Sadly, much of the BBC’s decline is inevitable. The survival of the state broadcaster rests on it cutting costs (it is on a brutal £24m savings drive) and this results in a less valuable product.
And that catch-22 is considerably worse now that it must compete against streamers with American money who can afford to pull off big-budget productions like Masters of the Air (Apple TV+), Ripley with Andrew Scott (Netflix), or Mr and Mrs Smith with Donald Glover and Maya Erskine (Prime Video).
Short of turning the licence fee into a very large monthly subscription, I don’t have a solution. But I do have a few ideas about how the BBC can use the money it does have to hold on to its prestige, keep its identity, and remain valuable and unique.
We’ll start with drama, some of the most expensive TV to make. The BBC did have some successes this year – the return of Wolf Hall after nine years; the runaway cosy crime hit Ludwig, with David Mitchell and Anna Maxwell Martin, the second series of Blue Lights.

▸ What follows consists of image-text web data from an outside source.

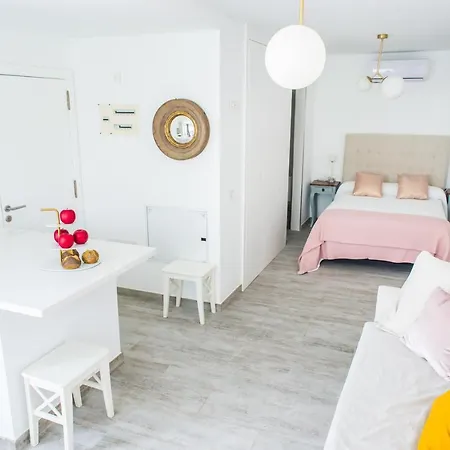 Studio Lirio Seaview By Holidays Apartamento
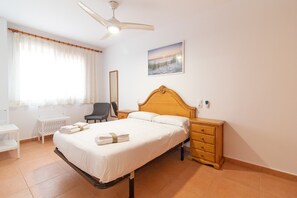 1 quarto, ferros/tábuas de passar roupa, Wi-Fi de cortesia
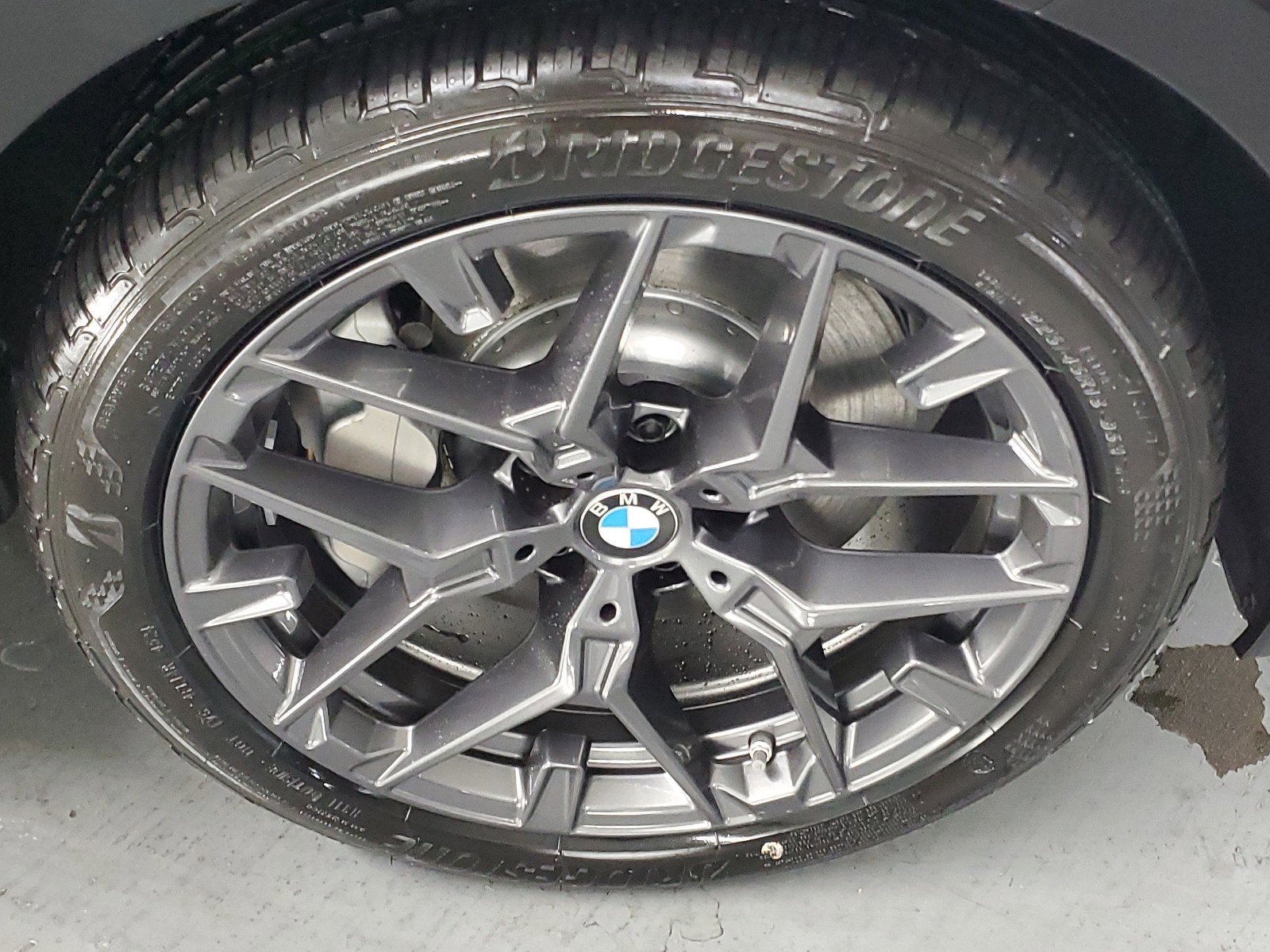 2025 Bmw 330i photo 3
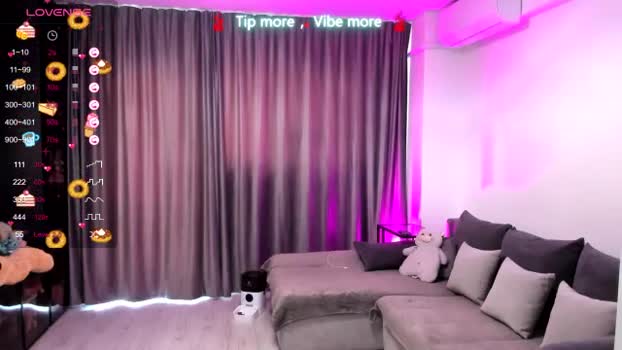 LindsayDee MyFreeCams Female 10-04-2025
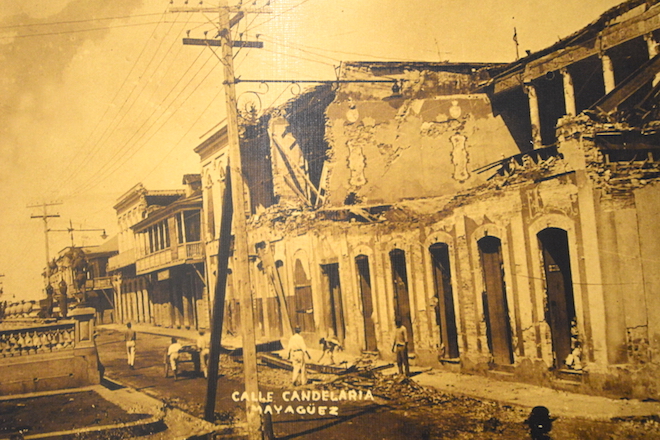 La exposición Conmemoración del terremoto y tsunami del 1918, reúne un centenar de fotos emblemáticas del terremoto de 1918 e inaugura hoy en el Museo Casa Grande. Foto archivo/Prensa RUM Breast Cancer Art Project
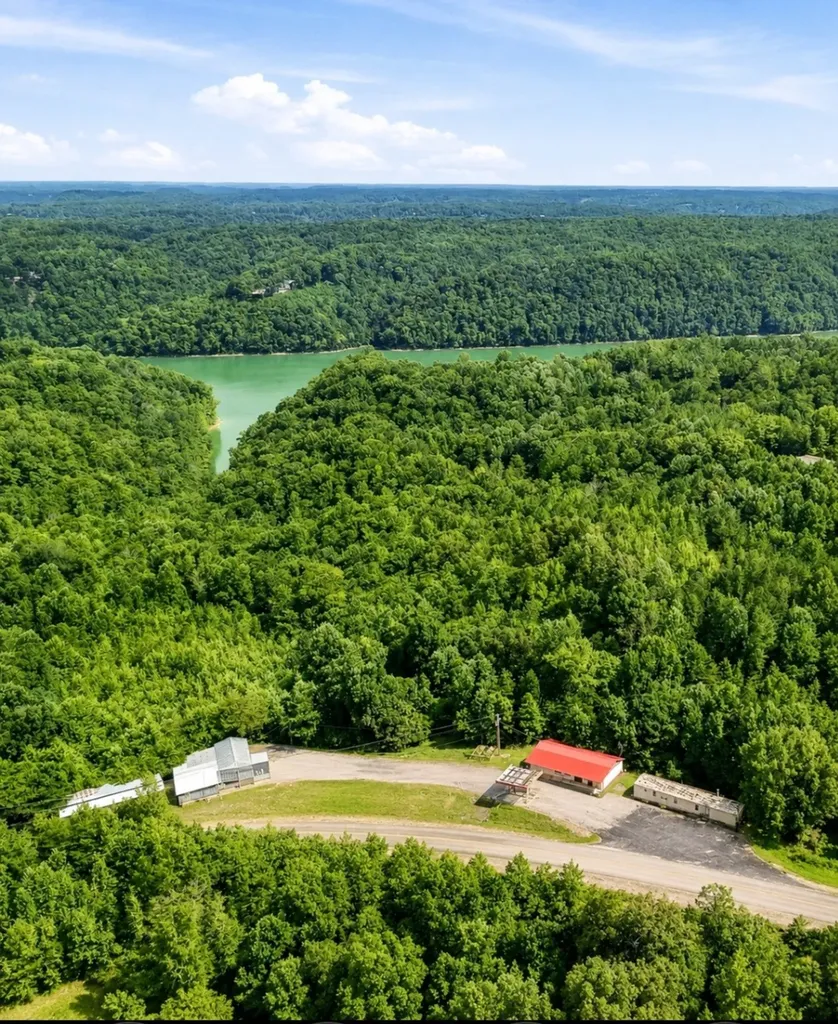 4111 Jefferson Road Smithville TN 37166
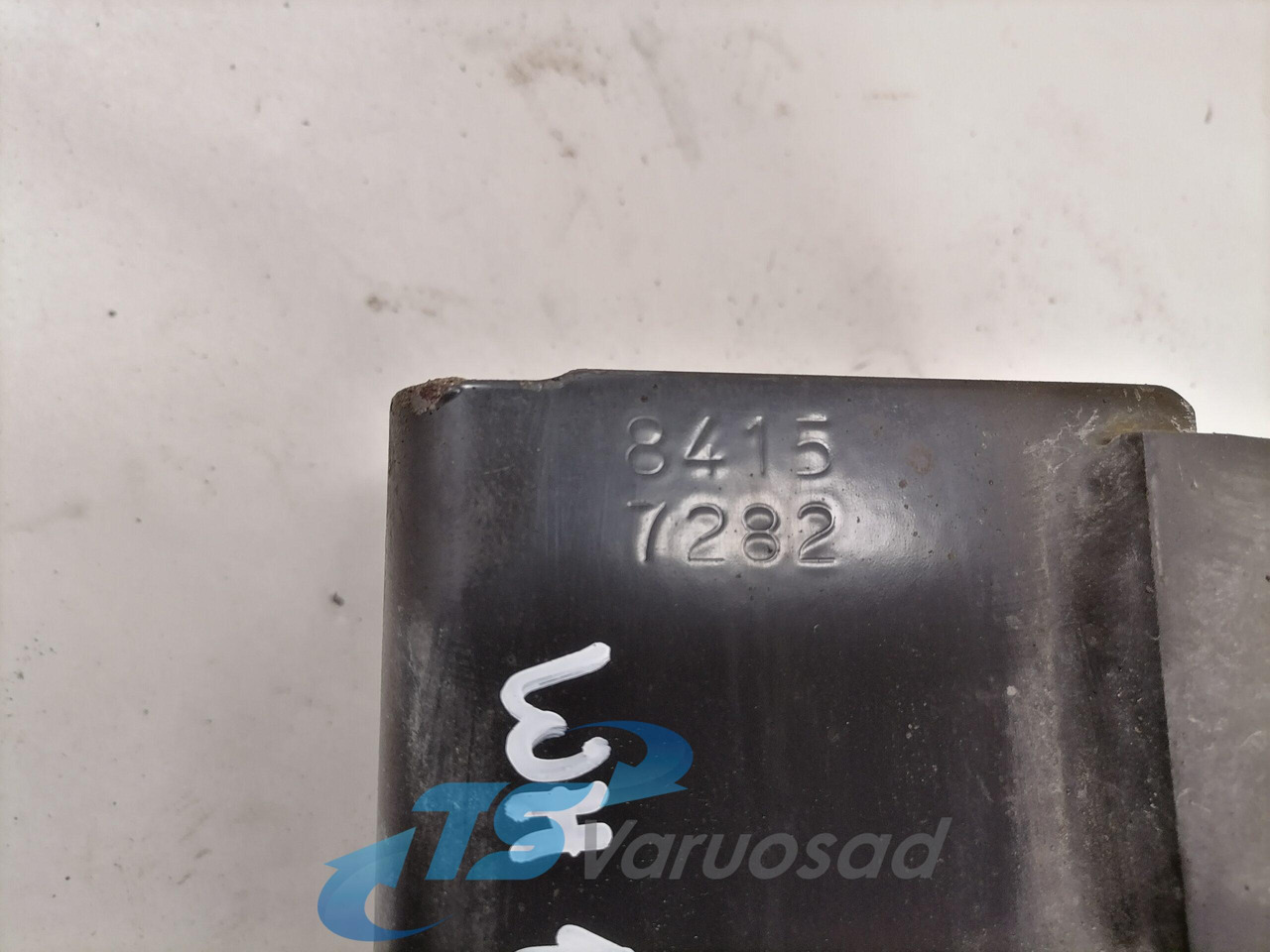 Volvo Bumper bracket 84157282 - Бампер в категорії Вантажівки: фото 3 Volvo Bumper bracket 84157282 - Бампер в категорії Вантажівки: фото 3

But unmissable, must-see, dare I say it, “watercooler” moments? Nada.
The thing is, you only need one or two classy dramas for a year to go from dud to standout. Churning out middling nonsense like Nightsleeper to fill the 9pm weeknight slot will get you a poor return on investment compared to putting big bucks into a handful of choice projects that have an impact on their audience.
Mr Bates went out in January and ITV have been dining out on it ever since – proof that if one programme really cuts through we are willing to forgive and forget those 10 ropey detective dramas. (Also, leave the binge-watches to the streamers. Have the conviction to broadcast programmes weekly so we can start to look forward to it and care about it – if I watch something in an afternoon, it’s usually less because it’s compulsive and more that it’s disposable).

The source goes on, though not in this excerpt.